Data to process »
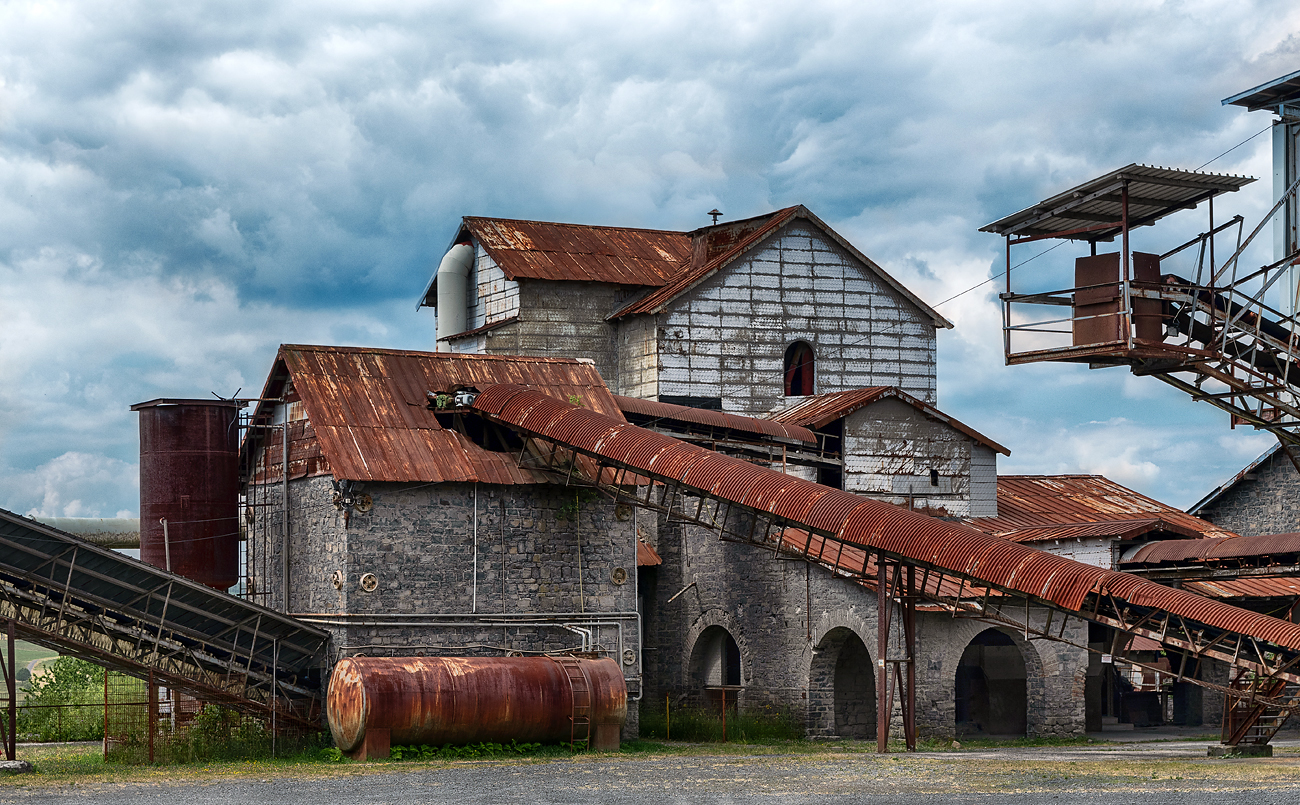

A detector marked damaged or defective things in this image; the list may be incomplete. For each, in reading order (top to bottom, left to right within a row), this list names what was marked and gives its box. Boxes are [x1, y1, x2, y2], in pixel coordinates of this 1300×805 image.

rusted corrugated roof [464, 217, 692, 286]
broken roof section [612, 207, 948, 326]
rusted corrugated roof [608, 210, 952, 330]
broken roof section [976, 162, 1248, 240]
rusted corrugated roof [252, 346, 624, 484]
broken roof section [252, 346, 624, 484]
rusted corrugated roof [616, 392, 808, 442]
rusted corrugated roof [764, 386, 1008, 456]
broken roof section [764, 386, 1008, 456]
rusty horizontal tank [132, 398, 243, 592]
rusted corrugated roof [468, 384, 1300, 652]
rusted corrugated roof [960, 474, 1232, 544]
broken roof section [960, 474, 1232, 544]
rusty horizontal tank [326, 652, 624, 760]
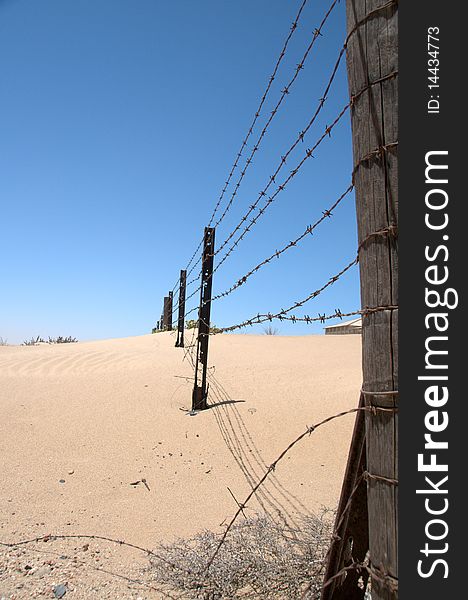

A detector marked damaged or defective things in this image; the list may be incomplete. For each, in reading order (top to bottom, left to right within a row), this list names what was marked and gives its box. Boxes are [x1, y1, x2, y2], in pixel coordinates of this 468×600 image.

rusty metal post [192, 227, 216, 410]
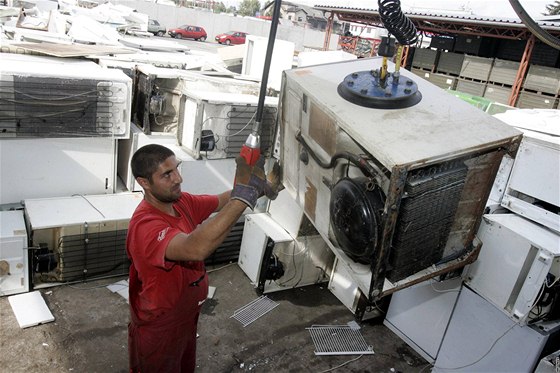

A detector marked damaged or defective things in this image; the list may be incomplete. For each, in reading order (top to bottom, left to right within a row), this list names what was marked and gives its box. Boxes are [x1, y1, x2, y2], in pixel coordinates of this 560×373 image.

Problem requirements » Please transcribe each line above exactly, but leave the images out.

Your solution »
A detector marked damaged or defective things in this image; the list may be incomplete. For each, in reading order (top to bottom, left to right within a row), this list names what was marked and gives its box. Boxes are [x1, y1, x2, y2], in pixel coordinates of this 1300×805 image.

rusted corrugated roof [464, 217, 692, 286]
broken roof section [612, 207, 948, 326]
rusted corrugated roof [608, 210, 952, 330]
broken roof section [976, 162, 1248, 240]
rusted corrugated roof [252, 346, 624, 484]
broken roof section [252, 346, 624, 484]
rusted corrugated roof [616, 392, 808, 442]
rusted corrugated roof [764, 386, 1008, 456]
broken roof section [764, 386, 1008, 456]
rusty horizontal tank [132, 398, 243, 592]
rusted corrugated roof [468, 384, 1300, 652]
rusted corrugated roof [960, 474, 1232, 544]
broken roof section [960, 474, 1232, 544]
rusty horizontal tank [326, 652, 624, 760]

A detector marked damaged or defective things in this image; the list may be incomplete. For each, in reading order (top to bottom, left to right within a row), this list names what was marked and gives its box. Boxes are [x1, y1, x2, y2], in pixel coordinates of this 468×600 image.

rusty metal post [192, 227, 216, 410]

A detector marked damaged or defective things in this image; the list may be incomplete. For each, in reading order (top to bottom, left to right within a row), this list names what was marked and gives its box. Boxes are [x1, y1, x2, y2], in pixel coordinates of this 560×373 image.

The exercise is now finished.